[[ INFORMATION SUPPLIED, beginning ]]

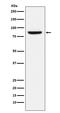 Minichromosome Maintenance Complex Component 5 antibody, M03642, Boster Biological Technology, Western Blot image 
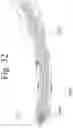 Fig. 34 - Devices and methods for inter-vertebral orthopedic device placement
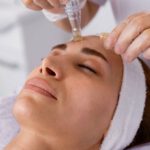 Microneedling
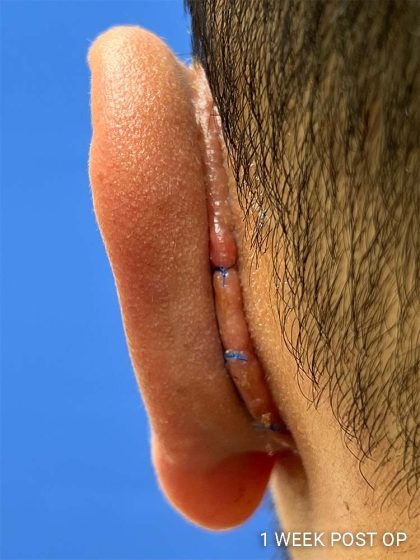 Otoplasty Before & After Patient #993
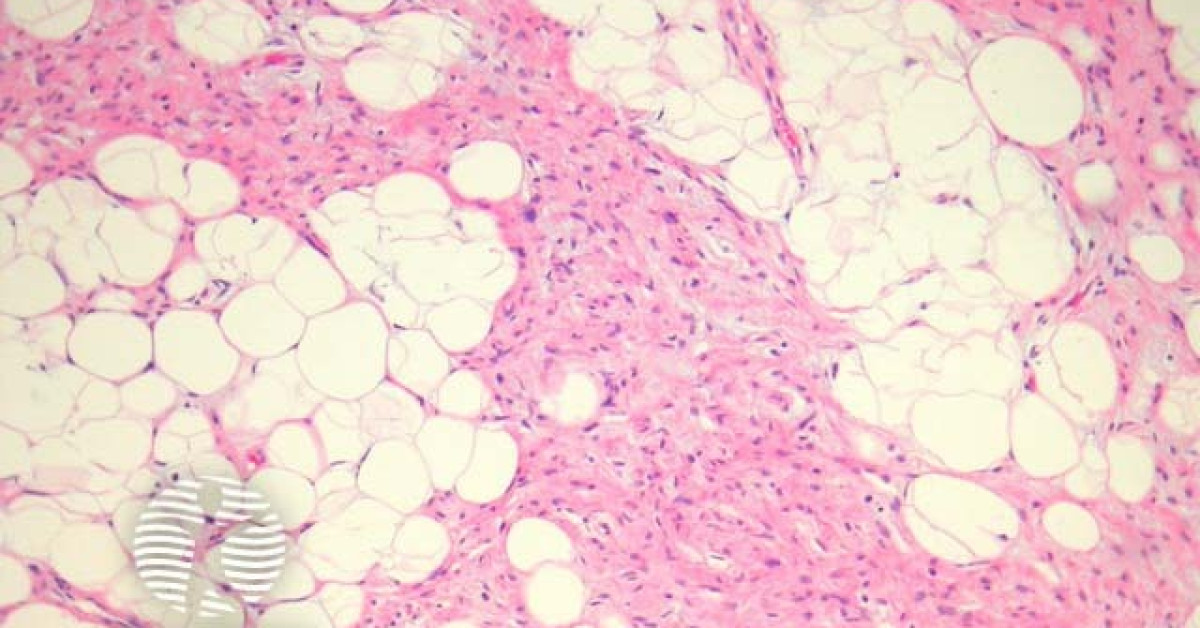 Spindle cell lipoma pathology image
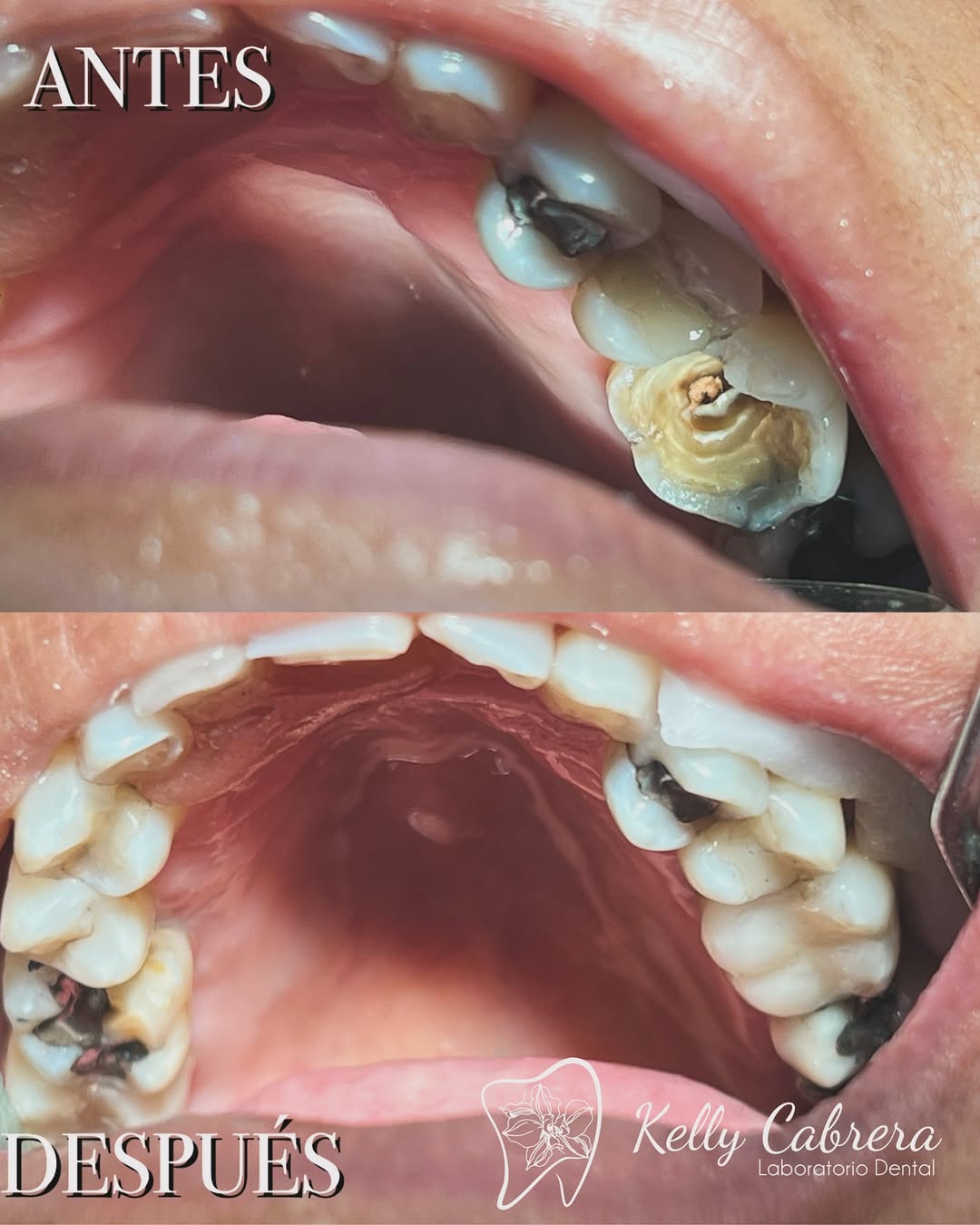 Antes y Después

[[ INFORMATION SUPPLIED, end ]]

#### WORK INSTRUCTION:
Would you write out an exact copy of the entries above, with no images?

#### SOLUTION:
 Minichromosome Maintenance Complex Component 5 antibody, M03642, Boster Biological Technology, Western Blot image 
 Fig. 34 - Devices and methods for inter-vertebral orthopedic device placement
 Microneedling
 Otoplasty Before & After Patient #993
 Spindle cell lipoma pathology image
 Antes y Después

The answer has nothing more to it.